* _Your goal_: For this exercise, copy exactly every line from the one holding "Apartamenty Pod Zegarem" through the end of the data, both included. Omit pictures.

* _Records provided_:

++++++

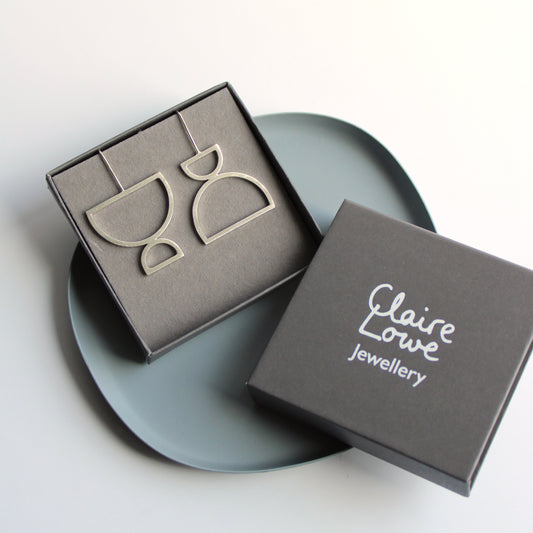 arc odd drop earrings silver, in box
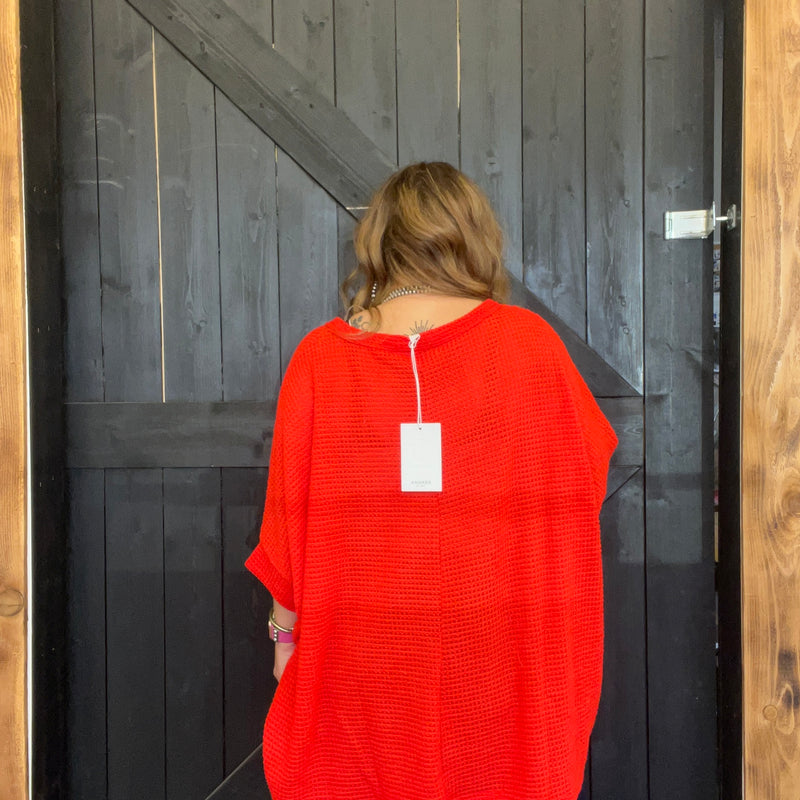 Person wearing a red garment with a tag, standing in front of a wooden door.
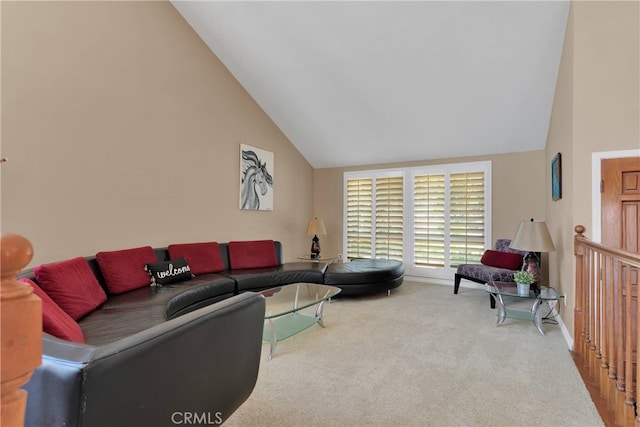 living room featuring carpet floors and high vaulted ceiling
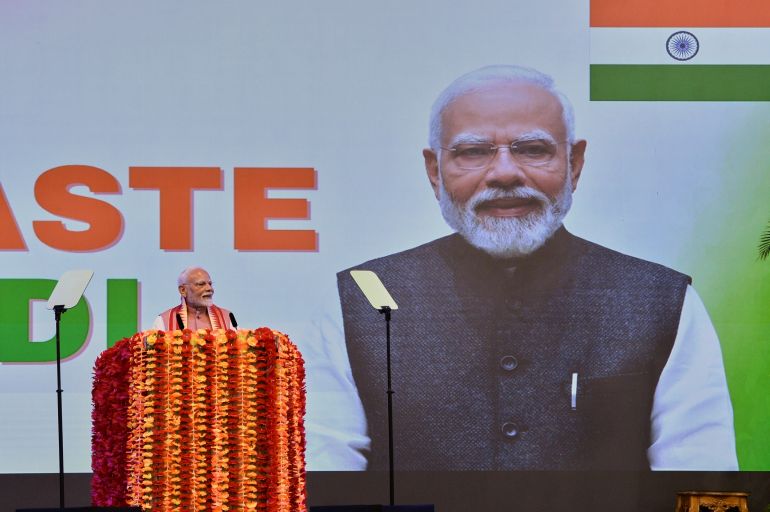 Narendra Modi speaks at a podium. Behind him is a screen projecting his picture and an Indian flag.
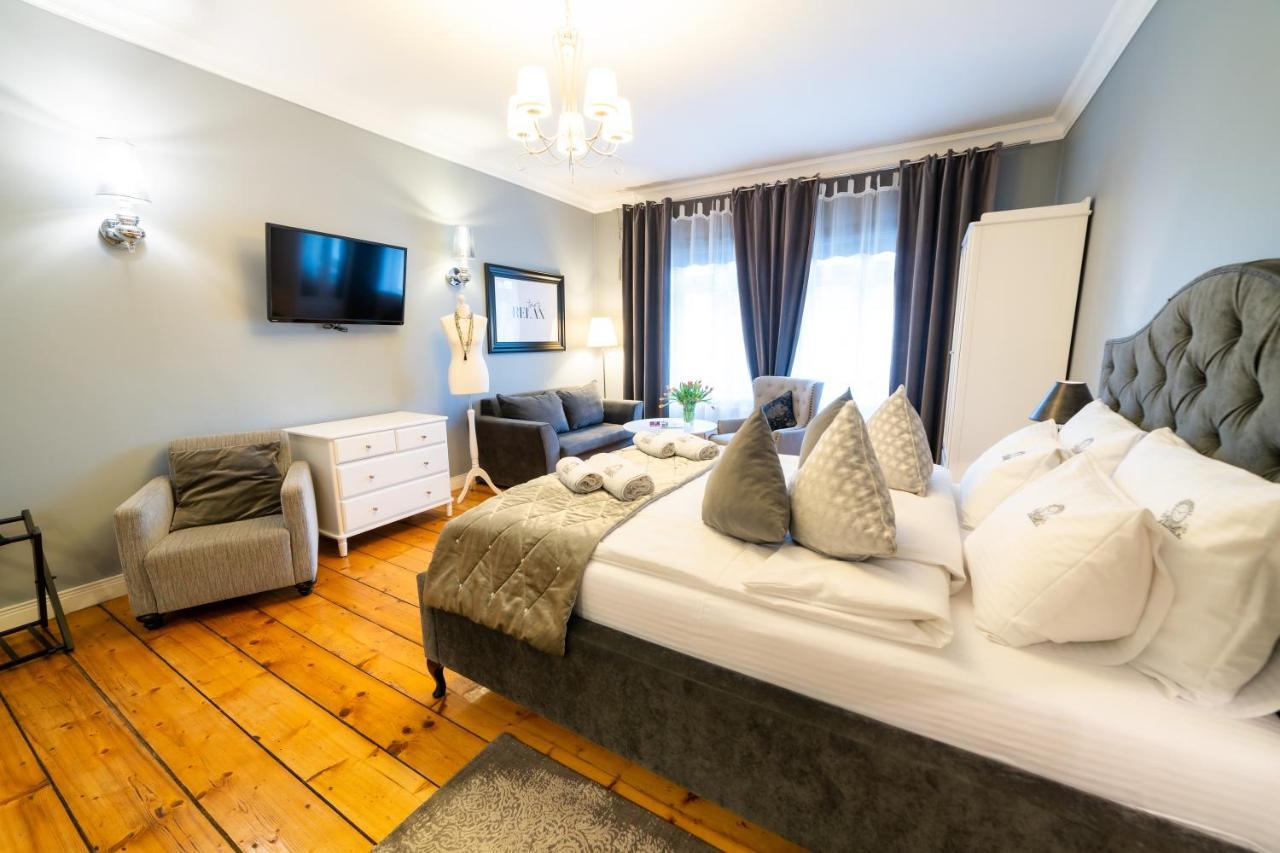 Apartamenty Pod Zegarem Mikołajki Kültér fotó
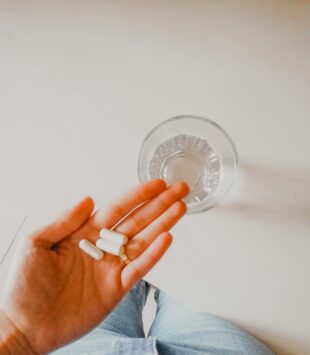 Eine Hand hält ein paar Tabletten, daneben steht ein Wasserglas.
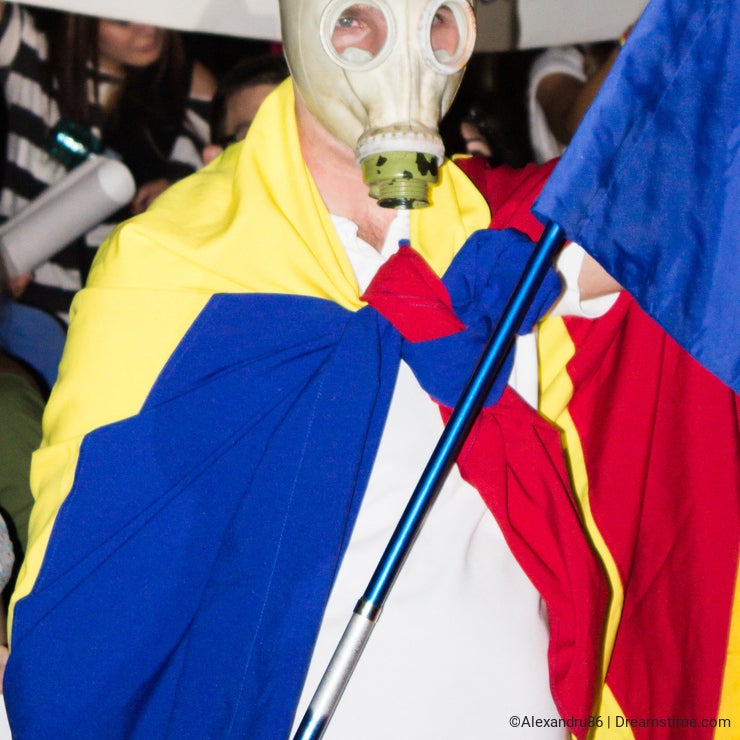 Romanian gas mask protester against Rosia Montana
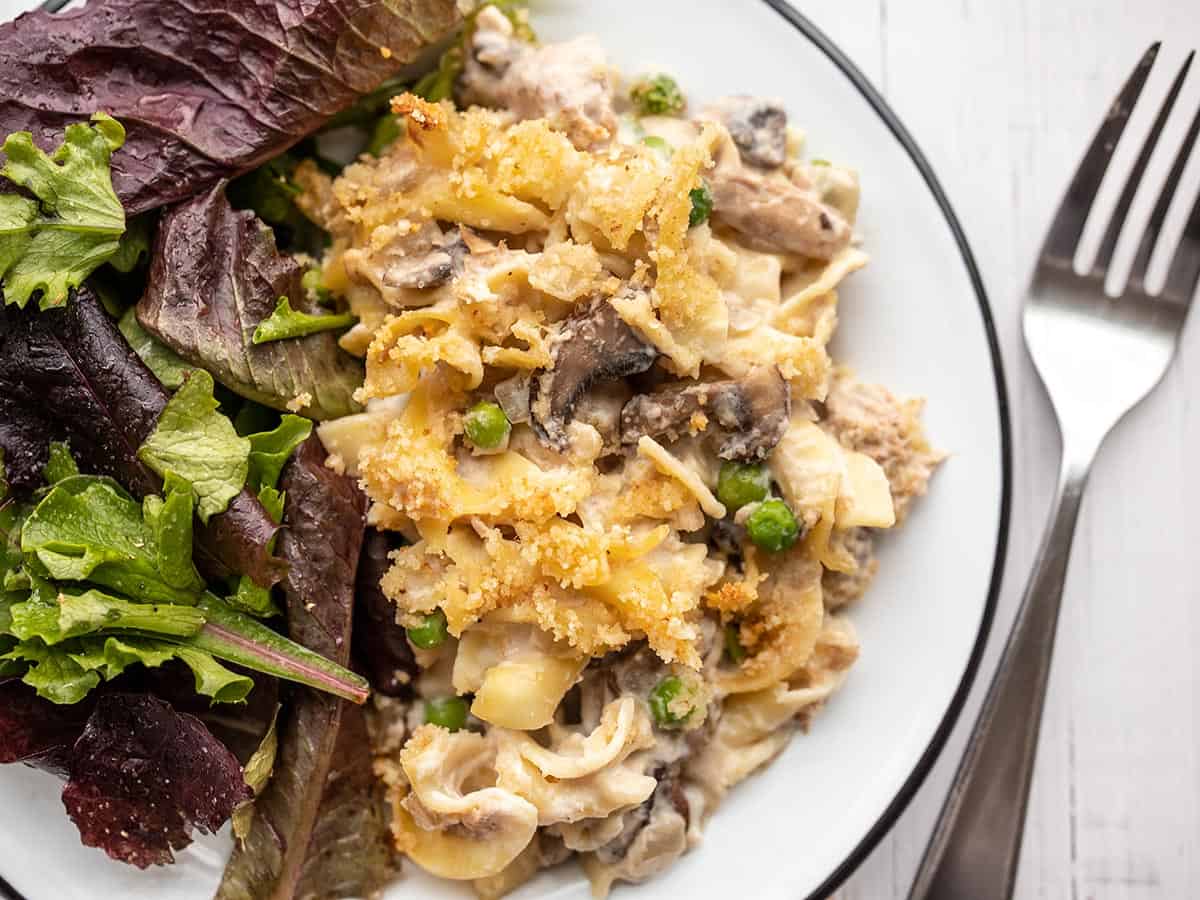 overhead view of tuna noodle casserole on a plate with salad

++++++

* _Solution to this task_:
 Apartamenty Pod Zegarem Mikołajki Kültér fotó
 Eine Hand hält ein paar Tabletten, daneben steht ein Wasserglas.
 Romanian gas mask protester against Rosia Montana
 overhead view of tuna noodle casserole on a plate with salad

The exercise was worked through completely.